Robert Bruce obtained license to return from his confinement, in order to settle some of his domestic affairs. The condition of his license was so confining, that he planned to return to Inverness; but in the meantime the King died, so he was not urged to go back; and although king Charles I. renewed the charge against him in 1629, he continued mostly in his own house, preaching and teaching wherever he had occasion. About this time the parish of Larbert, having no minister, Bruce repaired the church and discharged all the parts of the ministry there with great success, - many besides the parishioners attended the church. The last appearance we see of Bruce was at the revival at Shotts (see this website) in 1630 where he was one of the preachers.

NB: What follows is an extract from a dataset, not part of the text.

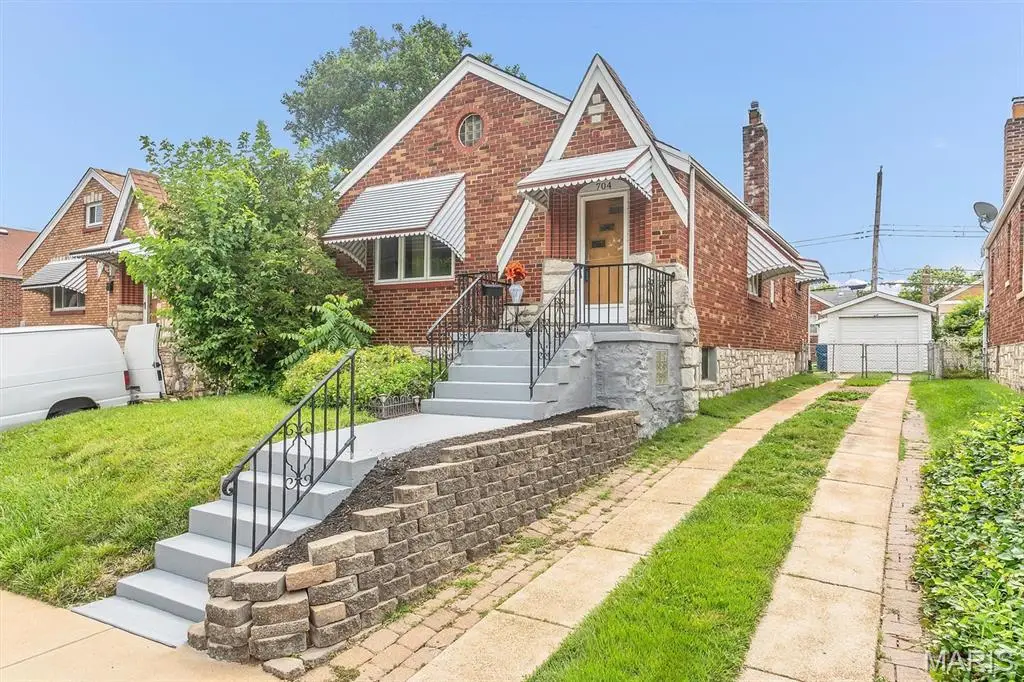 704 Avenue H, Saint Louis, MO 63125 - #1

When the time of his death drew near, which was on 27th July 1631, he was mostly confined to his room, through age and infirmity, where he was frequently visited by his friends and acquaintances. Being asked by one of them, how matters stood between God and his soul? he answered: ‘When I was young, I was diligent, and lived by faith on the Son of God; but now I am old, and am not able to do so much, yet He condescends to feed me with lumps of sense.’ On the morning before he died, his sickness being mostly a weakness through age, he came to breakfast; and having, as usual, eaten an egg, he said to his daughters, ‘I think I am yet hungry, ye may bring me another egg.’ But instantly thereafter falling into deep meditation, and after having mused a little, he said, ‘Hold, daughter; my Master calls me.’ With these words, his sight failed him, and calling for his family Bible, but finding he could not see, he said ‘Cast up to me the eighth chapter of the epistle to the Romans, and set my finger on these words, “I am persuaded, that neither death, nor life, nor angels, nor principalities, nor powers, nor things present, nor things to come, nor height, nor depth, nor any other creature, shall be able to separate us from the love of God which is in Christ Jesus our Lord.”’ ‘Now, is my finger upon them?’ and being told it was, he said, ‘Now, God be with you, my children; I have breakfasted with you and shall sup with my Lord Jesus Christ this night.’ And so, like Abraham of old, he gave up the ghost in a good old age and was gathered to his people. He was buried in the aisle of the church of Larbert; four or five thousand attended his funeral.
John Livingston who was in the church of Larbert for a great part of the summer of 1627, says, ‘No man in his time spake with such evidence and power of the Spirit; no man had so many seals of conversion; yea, many of his hearers thought that no man since the apostles spake with such power. He had a notable faculty in searching deep in the Scriptures, and of making the most dark mysteries plain, but especially in dealing with everyone's conscience. . . . He was both in public and private very short in prayer with others, but then every sentence was like a strong bolt shot up to heaven. I have heard him say he hath wearied when others were longsome in prayer, but being alone, he spent much time in prayer and wrestling. . . . When he preached at Larbert, he used after the first sermon on the Sabbath, when he had taken some little refreshment, to retire to a chamber in a house near the kirk. I heard one day that some noblemen being there, he staying long in the chamber, and they having far to ride after the afternoon's services, desired the bellman to go hearken at the door if there were any appearance of his coming. The bellman returned and said, “I think he shall not come out the day at all, for I hear him always saying to another, that he will not nor cannot go except the other go with him, and I hear not the other answer him a word at all.”’
Livingston also wrote, ‘One time I went to Edinburgh to see Robert Bruce, in the company of the tutor of Bonnington. When we called on him at eight o’clock in the morning, he told us he was not for any company; and when we urged him to tell us the cause, he answered, that when he went to bed he had a good measure of the Lord’s presence and that he had wrestled with Him about an hour or two before we came in, and had not yet got access; and so we left him.’
Robert Bruce's Church was knocked down in 1820 and replaced by the current one. The Manse was built four years after Bruce's death.